Normally the Japanese Yen is also a big beneficiary of risk aversion but this time we have not seen significant demand for the currency. The problem is that Japan has fallen into its fourth recession in five years. Japan’s economy contracted 0.2% in the third quarter as weaker demand from China, slower global growth and a rise in the yen curbed economic activity. The Japanese government refused to provide stimulus in October and according to recent comments from government officials, there’s little desire to respond because the government believes that the economy is still recovering and they see this as nothing more than a temporary technical recession. While we believe the Bank of Japan needs to act to avoid a deeper downturn, the government does not.
USD/CAD rose to a 7 week high after oil prices dropped to a 2-month low intraday. Traditionally oil performs well during times of geopolitical uncertainty but it appears that concerns about oversupply and the rise in the U.S. dollar is offsetting the risks. There is a significant amount of technical support at $40 a barrel and we believe this support will hold. Softer Canadian manufacturing data also contributed to the currency pair’s rise. Manufacturing sales were expected to have increased by 0.2% in the month of September but instead if fell -1.5%. However the housing market appears to be recovering with existing home sales rising 1.8% last month after falling 2.1% in September.
The worst performing currency today was the New Zealand dollar. Fonterra increased its payout to dairy farmers and retail sales rose more than expected in the third quarter but risk aversion and the slowdown in service activity weighed heavily on the currency. There’s also a global dairy trade auction tomorrow and investors are worried that prices could fall for a third time in a row.
The Australian dollar moved lower ahead of tonight’s RBA minutes. Although gold prices increased on risk aversion, A$ traders were much more focused on the fall in copper prices. The Reserve Bank of Australia was surprisingly optimistic at their last meeting but if there is even a hint of concern in the minutes it could accelerate the decline in AUD/USD.

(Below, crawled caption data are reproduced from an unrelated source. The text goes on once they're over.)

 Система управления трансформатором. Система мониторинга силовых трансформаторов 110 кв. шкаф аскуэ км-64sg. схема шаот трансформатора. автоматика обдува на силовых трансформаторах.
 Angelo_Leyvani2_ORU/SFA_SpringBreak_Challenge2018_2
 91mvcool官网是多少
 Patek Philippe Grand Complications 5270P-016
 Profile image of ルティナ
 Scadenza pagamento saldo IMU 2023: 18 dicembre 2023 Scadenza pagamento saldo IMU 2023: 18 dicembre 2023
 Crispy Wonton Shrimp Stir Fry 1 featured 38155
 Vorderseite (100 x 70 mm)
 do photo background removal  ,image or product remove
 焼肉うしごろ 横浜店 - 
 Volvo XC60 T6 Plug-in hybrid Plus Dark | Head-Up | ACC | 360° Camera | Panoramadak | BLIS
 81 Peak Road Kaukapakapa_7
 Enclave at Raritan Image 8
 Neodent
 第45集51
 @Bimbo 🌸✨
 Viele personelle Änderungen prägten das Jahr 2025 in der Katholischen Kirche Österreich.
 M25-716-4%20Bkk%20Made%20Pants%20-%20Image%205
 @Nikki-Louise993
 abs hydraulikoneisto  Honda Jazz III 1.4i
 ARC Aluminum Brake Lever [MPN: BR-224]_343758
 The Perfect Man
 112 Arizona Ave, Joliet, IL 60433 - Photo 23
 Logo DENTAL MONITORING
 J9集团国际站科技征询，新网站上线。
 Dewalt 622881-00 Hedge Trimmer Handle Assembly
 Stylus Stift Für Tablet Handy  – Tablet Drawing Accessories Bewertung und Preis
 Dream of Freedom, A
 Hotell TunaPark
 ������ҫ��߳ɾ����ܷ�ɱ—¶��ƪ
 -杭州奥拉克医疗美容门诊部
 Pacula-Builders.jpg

The British pound is in play tomorrow with U.K. inflation data scheduled for release. Consumer prices are expected to rise but considering that the Bank of England cited low inflation as the primary reason for their dovish monetary policy stance earlier this month, the risk is to the downside for the report. Sterling’s strength versus the euro has and will continue to put downward pressure on prices. Even if CPI increases, annualized basis price growth could remain negative for the second month in a row.